Withypool and Tarr Steps – Walk Idea

Over in neighbouring Somerset and embedded within Exmoor lies the local ambler’s hotspot Tarr Steps. It is a stone’s throw from North Devon that is too good to miss.

Why it’s on my list

Exmoor is a chocolate box of walks. Short walks, long walks, coastal walks, inland walks, easy walks, harder walks – it’s like picking whether you fancy a nibble of caramel or a Turkish delight. Tarr Steps was recommended by the in-laws, who recently enjoyed a walk to the steps followed by a commendable pub lunch. The pub lunch can be saved for another day and another blog, so on a sunny Sunday we headed off to Withypool to start the walk.

I have to be honest – I didn’t realise we weren’t in North Devon anymore until we were driving home and passed a sign that welcomed us back to Devon. As it turns out, about two thirds of Exmoor lies in Somerset! Regardless it was a great walk, and although I set out to write solely about North Devon, this walk is well worth crossing the border for.

Walk Information

Location: 36-minute drive from Barnstaple.

Parking: Free car park. If it’s full there is usually space to park on the road with lots of room for passing vehicles.

Length of walk: About 4.5 hours. 9.5 miles.

Type of walk: Circular. Moderate, with one challenging uphill. Riverside walk followed by moorland.

Overall verdict

This walk is a fantastic way to spend a sunny morning or afternoon. The riverside walk is lovely, quiet and calm, and the view towards the end of the walk are magnificent. I’m very glad we saved our Thermos of tea for that viewpoint. I can imagine the riverside part getting a little muddy in poor weather, and we had a slight diversion to follow because of it, but what else to expect from nature? It was sunny when we visited, so the only surplus we had to contend with were the other visitors gathering around Tarr Steps, likewise appreciating the fine weather, cool river water and excellent pub.

The route

The full route is available in Pathfinder Exmoor and the Quantocks, available here on Amazon. If you like circular walks, you’ll get a lot of use out of this book.

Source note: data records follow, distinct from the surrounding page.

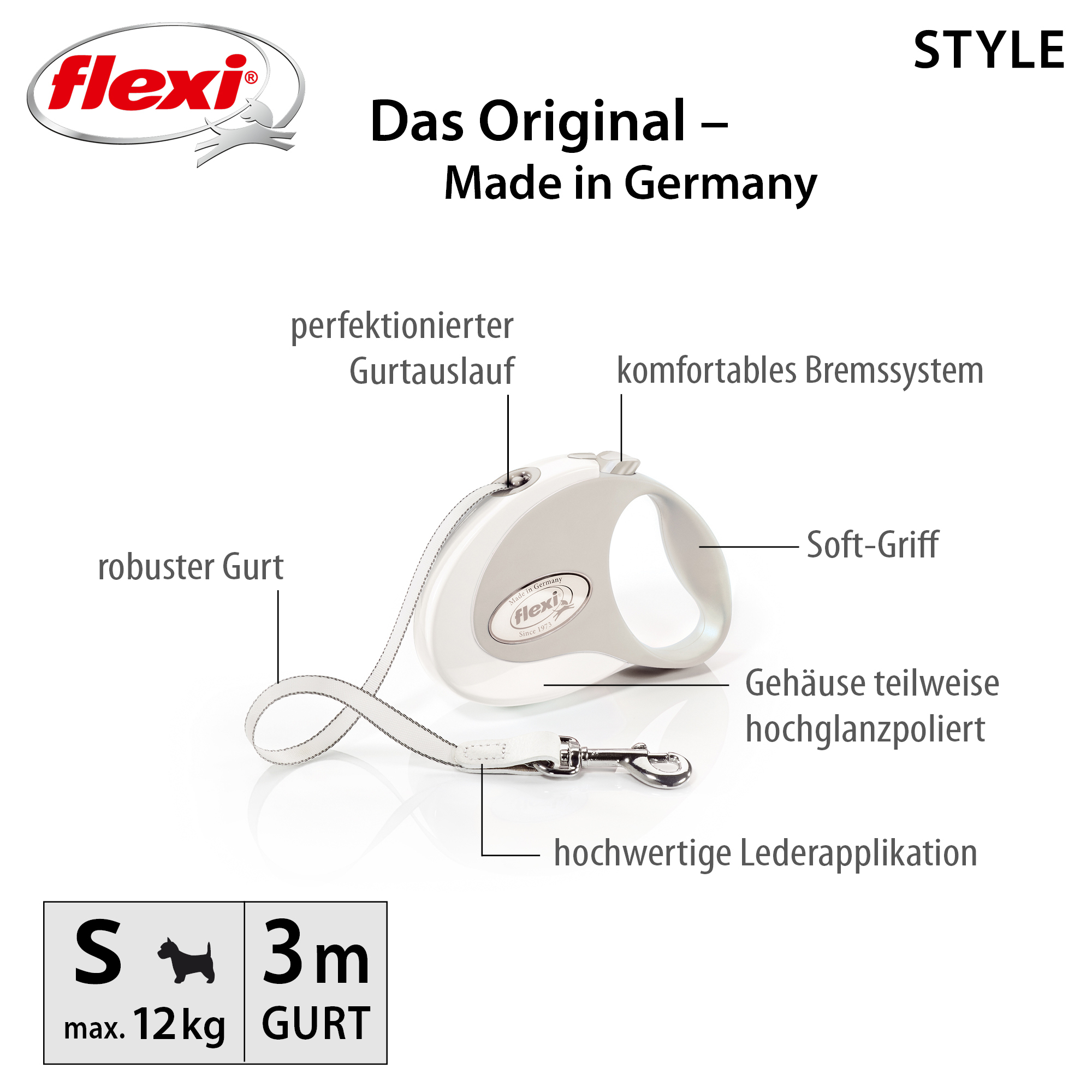Flexi Hundeleinen Flexi Style Gurt weiß S, 3 m, 12 kg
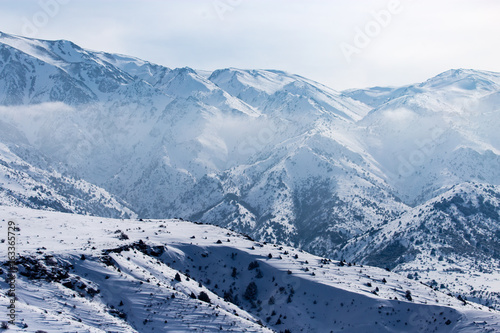 Snowy mountains of Tien Shan in winter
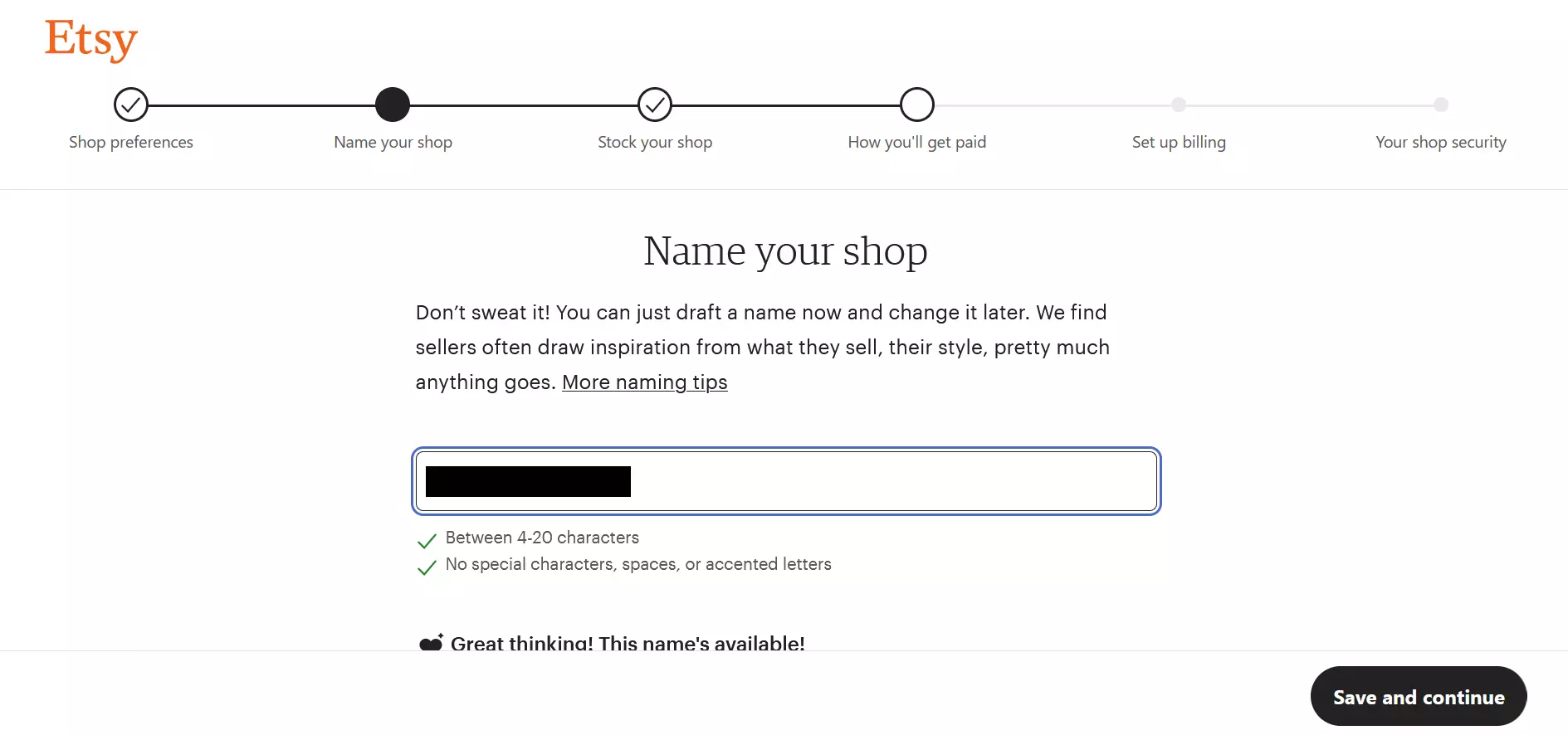 Screenshot of page to name an Etsy store Image: Screenshot of page to name an Etsy store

Starting from Withypool car park you walk along the main road for a little while. I say main, but it is a sleepy, secluded village so we only passed a couple of cars and people.

After turning off the road onto a footpath signposted to Tarr Steps, it is a simple case of following the river. It’s peaceful and calming, with life occasionally making itself known again. For us, this came in the form of two people galloping through a wide, open field on their horses. They trotted on into the woodland and we followed, with lots of bluebells to see on the way.

As we got closer to Tarr Steps there were more people, who had likely driven there and were exploring a little before lying down for a snooze in the sun. Tarr Steps itself was pretty as always. We visited one Christmas a fair few years ago and had a fantastic burger at the pub. Their burger relish will always be remembered as the best of my life.

We decided to move on from the gathering spot to head on up the hill towards Parsonage Farm, where we had our lunch. Carrying on past the two farms in the route, the second being Westwater Farm, we found ourselves heading on to the open moorland of Withypool Hill, where we saw cows, horses and tried in vain to find the Bronze Age circle mentioned in the route guide. It looks like the below apparently, so good luck finding it!

Withypool Stone Circle

Image credit: Ethan Doyle White at English Wikipedia

Otherwise, heading on up to the top of the hill offers a worthy view for such a climb as we did before lunch. After sipping on a cup of tea and taking far more photographs than was necessary, we descended the hill into Withypool, where we were greeted by a sign and our car shortly after.

Welcome to Withypool

The best

The view from atop Withypool Hill was my highlight. I like climbing to a summit, far-reaching views and the feeling of space and openness that moorland often gives – it’s easy to feel small in the vastness of the grass and sky that surround you, and it puts life’s problems into perspective.

Top of Withypool Hill

Coming down from these lofty, philosophical heights, the views and aspect of Withypool Hill are both stunning and soothing, relaxing and refreshing. A great reward after a tough climb. Which leads me on to…

Not the best

To be fair there was only one tough climb, and the only reason I was not having the best time was because lunch was in the backpack and we hadn’t found just the right spot to have it yet (Tarr Steps being full with people sunbathing, walking, paddling and generally having a lovely time) so we had to walk up the steepest part of the hill with no discernible lunch spot in sight. It arrived not long after, but it was atop a grassy mound in between two fields full of sheep and some barbed wire!

If we did this walk again we would follow the plan of my in-laws – get up a bit earlier to start the walk and end with a well-deserved pub lunch at the Royal Oak. Just remember to still bring a flask of tea for when you get to the top of Withypool Hill.

The Royal Oak in Withypool

Top tip

On a sunny day you can expect it to be busy both in Withypool car park and at Tarr Steps. If this would bother you, get up a bit earlier and beat the rush. You may also make it in time for that pub lunch!